Problem to solve
Wherever the line with "London Blue Topas" sits in the listing below, transcribe from it up to and including the line with "1897 Denune Avenue, Columbus, OH 43211", exactly, and leave the remaining lines out.

_ _ _ _

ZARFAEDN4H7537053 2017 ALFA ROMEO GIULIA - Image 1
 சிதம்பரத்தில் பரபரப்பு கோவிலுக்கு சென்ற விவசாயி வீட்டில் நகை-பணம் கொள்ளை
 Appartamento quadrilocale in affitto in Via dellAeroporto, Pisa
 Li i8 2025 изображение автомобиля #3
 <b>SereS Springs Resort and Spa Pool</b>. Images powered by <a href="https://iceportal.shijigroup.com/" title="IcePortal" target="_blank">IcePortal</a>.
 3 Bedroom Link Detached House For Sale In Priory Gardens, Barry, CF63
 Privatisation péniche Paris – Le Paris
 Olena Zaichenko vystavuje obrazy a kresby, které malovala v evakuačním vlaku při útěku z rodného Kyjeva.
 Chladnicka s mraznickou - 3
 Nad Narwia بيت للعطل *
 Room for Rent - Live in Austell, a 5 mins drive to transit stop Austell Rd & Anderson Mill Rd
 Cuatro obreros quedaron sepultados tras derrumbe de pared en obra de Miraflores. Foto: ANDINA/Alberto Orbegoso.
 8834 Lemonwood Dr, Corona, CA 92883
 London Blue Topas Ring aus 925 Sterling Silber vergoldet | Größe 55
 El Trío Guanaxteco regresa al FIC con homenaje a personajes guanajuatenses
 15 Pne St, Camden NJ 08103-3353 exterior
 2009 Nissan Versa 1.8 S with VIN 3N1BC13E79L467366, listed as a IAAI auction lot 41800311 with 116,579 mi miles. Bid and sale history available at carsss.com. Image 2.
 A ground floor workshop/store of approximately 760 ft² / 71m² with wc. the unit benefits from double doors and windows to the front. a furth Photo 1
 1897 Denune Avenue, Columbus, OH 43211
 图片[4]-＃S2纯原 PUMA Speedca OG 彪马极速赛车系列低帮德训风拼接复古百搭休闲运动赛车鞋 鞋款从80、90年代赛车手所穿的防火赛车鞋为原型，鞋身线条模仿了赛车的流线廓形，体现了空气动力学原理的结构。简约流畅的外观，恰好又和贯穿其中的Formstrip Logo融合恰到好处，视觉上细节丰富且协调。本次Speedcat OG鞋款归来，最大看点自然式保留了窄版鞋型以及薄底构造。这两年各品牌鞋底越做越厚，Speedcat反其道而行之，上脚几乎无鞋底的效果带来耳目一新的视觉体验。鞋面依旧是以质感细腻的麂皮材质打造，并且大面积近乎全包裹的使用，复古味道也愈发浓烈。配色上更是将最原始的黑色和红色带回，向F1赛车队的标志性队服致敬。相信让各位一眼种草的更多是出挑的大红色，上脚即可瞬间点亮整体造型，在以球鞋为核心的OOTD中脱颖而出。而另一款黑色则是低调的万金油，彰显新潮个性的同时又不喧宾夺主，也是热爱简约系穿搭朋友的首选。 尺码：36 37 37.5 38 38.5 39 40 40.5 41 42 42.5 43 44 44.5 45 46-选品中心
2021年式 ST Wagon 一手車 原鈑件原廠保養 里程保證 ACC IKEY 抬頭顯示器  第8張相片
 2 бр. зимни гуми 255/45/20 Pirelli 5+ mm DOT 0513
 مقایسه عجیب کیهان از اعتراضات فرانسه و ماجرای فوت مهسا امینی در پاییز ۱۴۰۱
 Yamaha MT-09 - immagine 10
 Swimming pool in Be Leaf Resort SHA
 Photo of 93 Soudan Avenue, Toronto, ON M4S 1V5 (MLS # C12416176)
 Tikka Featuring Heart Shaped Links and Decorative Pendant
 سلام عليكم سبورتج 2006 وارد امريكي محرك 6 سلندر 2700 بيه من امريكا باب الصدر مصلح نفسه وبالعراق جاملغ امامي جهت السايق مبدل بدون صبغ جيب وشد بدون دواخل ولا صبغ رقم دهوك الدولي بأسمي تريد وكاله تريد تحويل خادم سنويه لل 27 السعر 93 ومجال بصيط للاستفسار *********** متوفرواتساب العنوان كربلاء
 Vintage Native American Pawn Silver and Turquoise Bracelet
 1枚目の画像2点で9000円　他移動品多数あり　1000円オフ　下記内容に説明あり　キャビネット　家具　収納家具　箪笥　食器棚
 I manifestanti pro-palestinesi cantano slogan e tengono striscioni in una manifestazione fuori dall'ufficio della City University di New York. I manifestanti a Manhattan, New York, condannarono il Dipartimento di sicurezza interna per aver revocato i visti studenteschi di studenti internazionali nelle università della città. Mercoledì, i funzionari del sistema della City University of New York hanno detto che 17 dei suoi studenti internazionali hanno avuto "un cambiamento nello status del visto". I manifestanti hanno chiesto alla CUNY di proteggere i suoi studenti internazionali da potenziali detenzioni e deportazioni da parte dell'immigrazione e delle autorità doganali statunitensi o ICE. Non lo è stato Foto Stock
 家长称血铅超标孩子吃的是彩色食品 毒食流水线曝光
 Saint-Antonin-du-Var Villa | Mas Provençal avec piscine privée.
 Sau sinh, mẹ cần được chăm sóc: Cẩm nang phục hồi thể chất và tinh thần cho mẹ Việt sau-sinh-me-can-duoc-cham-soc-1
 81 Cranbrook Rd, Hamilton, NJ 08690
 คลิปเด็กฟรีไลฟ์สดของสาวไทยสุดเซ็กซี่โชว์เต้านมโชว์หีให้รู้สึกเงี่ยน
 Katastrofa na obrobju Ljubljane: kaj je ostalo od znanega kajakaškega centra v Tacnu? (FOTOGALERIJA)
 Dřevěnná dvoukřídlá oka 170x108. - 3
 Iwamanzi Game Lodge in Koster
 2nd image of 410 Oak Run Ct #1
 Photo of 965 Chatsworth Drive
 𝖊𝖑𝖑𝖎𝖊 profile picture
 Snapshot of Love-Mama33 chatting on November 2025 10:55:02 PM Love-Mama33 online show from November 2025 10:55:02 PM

_ _ _ _

Result of this exercise
 London Blue Topas Ring aus 925 Sterling Silber vergoldet | Größe 55
 El Trío Guanaxteco regresa al FIC con homenaje a personajes guanajuatenses
 15 Pne St, Camden NJ 08103-3353 exterior
 2009 Nissan Versa 1.8 S with VIN 3N1BC13E79L467366, listed as a IAAI auction lot 41800311 with 116,579 mi miles. Bid and sale history available at carsss.com. Image 2.
 A ground floor workshop/store of approximately 760 ft² / 71m² with wc. the unit benefits from double doors and windows to the front. a furth Photo 1
 1897 Denune Avenue, Columbus, OH 43211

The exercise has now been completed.